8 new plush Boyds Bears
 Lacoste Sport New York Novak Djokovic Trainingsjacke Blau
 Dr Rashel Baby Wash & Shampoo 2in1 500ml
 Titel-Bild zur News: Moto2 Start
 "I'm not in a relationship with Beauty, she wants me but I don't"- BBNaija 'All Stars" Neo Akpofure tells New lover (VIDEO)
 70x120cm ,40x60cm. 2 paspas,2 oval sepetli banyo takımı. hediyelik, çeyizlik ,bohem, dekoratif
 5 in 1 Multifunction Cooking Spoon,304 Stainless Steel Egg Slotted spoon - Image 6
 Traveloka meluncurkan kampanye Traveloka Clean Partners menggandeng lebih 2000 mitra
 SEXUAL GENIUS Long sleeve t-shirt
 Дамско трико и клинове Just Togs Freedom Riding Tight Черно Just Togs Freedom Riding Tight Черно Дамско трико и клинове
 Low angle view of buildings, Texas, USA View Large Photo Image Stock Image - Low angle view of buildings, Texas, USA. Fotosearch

● **THE PROBLEM**
The listing is to be retyped in full, exactly as shown.

● **ANSWER TO THE PROBLEM**
8 new plush Boyds Bears
 Lacoste Sport New York Novak Djokovic Trainingsjacke Blau
 Dr Rashel Baby Wash & Shampoo 2in1 500ml
 Titel-Bild zur News: Moto2 Start
 "I'm not in a relationship with Beauty, she wants me but I don't"- BBNaija 'All Stars" Neo Akpofure tells New lover (VIDEO)
 70x120cm ,40x60cm. 2 paspas,2 oval sepetli banyo takımı. hediyelik, çeyizlik ,bohem, dekoratif
 5 in 1 Multifunction Cooking Spoon,304 Stainless Steel Egg Slotted spoon - Image 6
 Traveloka meluncurkan kampanye Traveloka Clean Partners menggandeng lebih 2000 mitra
 SEXUAL GENIUS Long sleeve t-shirt
 Дамско трико и клинове Just Togs Freedom Riding Tight Черно Just Togs Freedom Riding Tight Черно Дамско трико и клинове
 Low angle view of buildings, Texas, USA View Large Photo Image Stock Image - Low angle view of buildings, Texas, USA. Fotosearch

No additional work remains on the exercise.